Better to sell or weather the financial storm?
Things haven't been easy at Jaguar Land Rover over the past several months. A swelling of factors has led to severe financial losses at a time when the luxury market is more competitive than ever. An economic slowdown in China and uncertainty over Brexit could not have come at a worse time. In response, JLR has initiated a $3.2 billion savings program and eliminated thousands of jobs. At this point, you have to ask whether JLR is worth keeping for its owner, Tata Motors. The Indian-based automaker had a huge financial success not long after it bought JLR from Ford in 2008.
Within just a few years, sales dramatically increased thanks to the Jaguar F-Pace and Land Rover Range Rover Evoque. China and Russia, in particular, played a significant role in the sales boom. But that's all over, at least for now. Bloomberg reports that, despite everything, Tata has no plans to sell JLR. "We're not going to sell," said Natarajan Chandrasekaran, chairman of Tata Sons Ltd., the holding company that includes Tata Motors.
"Auto is a core business for us. From revenue terms, auto is our largest company." Tata's problem, however, is that it requires cash to operate a major automaker and, unfortunately, it's having some cash flow problems. One recent rumor claimed BMW, which has plenty of cash on hand, was potentially interested in purchasing JLR, but Tata quickly denied this. It even ruled out selling a stake.
Tata remains open to partnerships but has no interest in deals where "we just sell a stake and we have no say." While JLR's capital expenditure has outpaced operating cash flow for the past two years, Chandrasekaran says his goal is to reverse that by 2021.
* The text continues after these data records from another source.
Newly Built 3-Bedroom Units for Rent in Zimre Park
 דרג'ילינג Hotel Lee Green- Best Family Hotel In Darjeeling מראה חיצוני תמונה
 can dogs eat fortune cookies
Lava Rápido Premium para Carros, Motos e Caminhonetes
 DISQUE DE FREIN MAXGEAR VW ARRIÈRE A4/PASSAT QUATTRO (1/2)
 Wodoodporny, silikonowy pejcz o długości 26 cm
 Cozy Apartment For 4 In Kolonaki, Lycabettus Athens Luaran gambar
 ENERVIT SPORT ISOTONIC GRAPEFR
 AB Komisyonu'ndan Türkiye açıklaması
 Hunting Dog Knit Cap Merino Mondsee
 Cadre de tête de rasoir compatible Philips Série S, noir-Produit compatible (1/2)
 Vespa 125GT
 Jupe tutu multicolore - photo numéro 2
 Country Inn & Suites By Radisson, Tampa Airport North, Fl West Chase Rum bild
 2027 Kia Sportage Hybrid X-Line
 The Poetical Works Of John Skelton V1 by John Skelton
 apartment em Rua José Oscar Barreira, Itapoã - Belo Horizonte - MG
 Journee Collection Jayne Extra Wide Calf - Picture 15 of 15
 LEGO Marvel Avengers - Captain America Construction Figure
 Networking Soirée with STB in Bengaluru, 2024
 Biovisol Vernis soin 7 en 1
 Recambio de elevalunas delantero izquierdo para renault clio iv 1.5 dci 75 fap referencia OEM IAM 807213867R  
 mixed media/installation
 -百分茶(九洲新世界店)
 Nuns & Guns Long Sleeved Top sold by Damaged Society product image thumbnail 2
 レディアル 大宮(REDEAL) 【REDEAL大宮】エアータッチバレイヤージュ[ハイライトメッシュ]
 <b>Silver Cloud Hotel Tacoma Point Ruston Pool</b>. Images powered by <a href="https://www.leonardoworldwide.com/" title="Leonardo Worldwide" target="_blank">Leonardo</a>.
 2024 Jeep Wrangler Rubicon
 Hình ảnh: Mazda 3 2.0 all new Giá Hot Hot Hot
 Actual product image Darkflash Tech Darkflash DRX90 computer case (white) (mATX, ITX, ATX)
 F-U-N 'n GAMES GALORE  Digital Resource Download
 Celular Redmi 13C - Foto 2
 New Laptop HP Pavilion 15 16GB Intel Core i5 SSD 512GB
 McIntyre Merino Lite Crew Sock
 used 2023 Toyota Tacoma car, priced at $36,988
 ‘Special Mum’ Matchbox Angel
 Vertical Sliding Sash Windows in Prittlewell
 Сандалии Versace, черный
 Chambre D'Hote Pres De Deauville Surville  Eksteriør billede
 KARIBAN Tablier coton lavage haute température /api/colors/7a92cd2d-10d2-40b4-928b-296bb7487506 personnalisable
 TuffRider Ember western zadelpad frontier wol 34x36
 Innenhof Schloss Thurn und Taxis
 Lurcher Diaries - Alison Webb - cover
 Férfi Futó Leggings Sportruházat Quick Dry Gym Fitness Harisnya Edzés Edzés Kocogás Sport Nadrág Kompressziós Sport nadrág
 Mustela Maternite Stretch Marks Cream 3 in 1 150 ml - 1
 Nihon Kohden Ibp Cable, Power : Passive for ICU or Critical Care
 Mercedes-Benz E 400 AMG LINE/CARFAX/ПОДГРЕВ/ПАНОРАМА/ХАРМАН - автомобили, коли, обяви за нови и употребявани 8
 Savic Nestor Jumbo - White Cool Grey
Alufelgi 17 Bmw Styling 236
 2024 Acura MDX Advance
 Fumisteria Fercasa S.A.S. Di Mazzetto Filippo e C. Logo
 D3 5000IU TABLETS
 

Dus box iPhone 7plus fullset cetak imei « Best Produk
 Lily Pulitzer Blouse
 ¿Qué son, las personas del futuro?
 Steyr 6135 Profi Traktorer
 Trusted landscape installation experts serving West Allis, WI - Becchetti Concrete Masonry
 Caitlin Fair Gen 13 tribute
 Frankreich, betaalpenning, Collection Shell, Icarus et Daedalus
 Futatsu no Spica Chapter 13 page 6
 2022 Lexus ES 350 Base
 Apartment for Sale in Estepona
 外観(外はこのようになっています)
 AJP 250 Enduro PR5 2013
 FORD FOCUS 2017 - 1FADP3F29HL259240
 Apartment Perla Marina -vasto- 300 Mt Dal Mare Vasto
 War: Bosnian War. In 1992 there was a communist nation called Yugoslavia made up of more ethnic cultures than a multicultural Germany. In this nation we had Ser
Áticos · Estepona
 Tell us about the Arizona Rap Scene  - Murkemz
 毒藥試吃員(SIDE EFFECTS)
But why would BMW even be interested in JLR in the first place? Because the two automakers already have a growing partnership from engines and electric vehicle development. An expanded relationship could enable two things: additional technology development savings for BMW and a financial lifeline for Jaguar. But as Chandrasekaran made crystal clear, he has no intention to sell the automaker, let alone any of its shares. Only time will tell whether his strategy is correct.